I'm currently writing a function for parsing some HTML and adding tags where necessary. Basically i have a piece of HTML like this:
Lorem ipsum dolor sit amet, consectetur adipiscing elit. Suspendisse feugiat, nunc at vestibulum egestas.
<script type="c">
#include <stdio.h>
#define debug(var) printf(#var " = %d\n", var)
int main(void)
{
int x = 12;
debug(x)
return 0;
}
</script>
Lorem ipsum dolor sit amet, consectetur adipiscing elit. Suspendisse feugiat, nunc at vestibulum egestas.
<h3>Test Heading</h3>
Lorem ipsum dolor sit amet, consectetur adipiscing elit. Cras ultricies luctus metus ut cursus.
<ol>
<li>One</li>
<li>Two</li>
<li>Three</li>
</ol>
Lorem ipsum dolor sit amet, consectetur adipiscing elit. Cras ultricies luctus metus ut cursus.

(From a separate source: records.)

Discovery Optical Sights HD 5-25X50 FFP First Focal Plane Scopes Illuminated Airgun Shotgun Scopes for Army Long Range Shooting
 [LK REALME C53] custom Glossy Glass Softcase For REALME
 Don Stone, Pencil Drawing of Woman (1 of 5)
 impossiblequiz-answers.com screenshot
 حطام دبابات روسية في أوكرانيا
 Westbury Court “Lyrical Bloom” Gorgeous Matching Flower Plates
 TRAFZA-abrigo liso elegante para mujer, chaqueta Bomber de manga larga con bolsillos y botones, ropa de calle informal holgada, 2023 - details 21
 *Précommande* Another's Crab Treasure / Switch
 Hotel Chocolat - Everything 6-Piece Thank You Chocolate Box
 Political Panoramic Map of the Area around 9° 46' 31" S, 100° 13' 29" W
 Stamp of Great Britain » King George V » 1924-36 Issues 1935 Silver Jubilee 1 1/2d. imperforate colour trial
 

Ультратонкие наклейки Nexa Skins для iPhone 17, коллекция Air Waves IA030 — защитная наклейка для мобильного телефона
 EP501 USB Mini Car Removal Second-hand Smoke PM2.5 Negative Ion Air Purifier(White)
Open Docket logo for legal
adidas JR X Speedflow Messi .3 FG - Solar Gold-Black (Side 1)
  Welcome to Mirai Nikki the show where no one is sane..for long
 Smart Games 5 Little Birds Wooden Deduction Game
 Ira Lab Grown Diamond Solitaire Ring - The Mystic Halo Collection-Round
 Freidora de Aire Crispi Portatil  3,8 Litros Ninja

If you notice there are no <p>
tags around the paragraphs. I would like to parse this HTML and add the correct tags to the different paragraphs of text. Also whatever parser is used, it cannot touch any of the other valid HTML. For example, the headings and list should not be altered.
I've hacked together a solution using PHP and although it works, it's not fast or pretty to look at.
What is the best way to accomplish this?
Is there a nice PHP or Javascript based parser i could use for this?
I need to break the HTML down into elements, add tags and write the assembled HTML back to the page(?)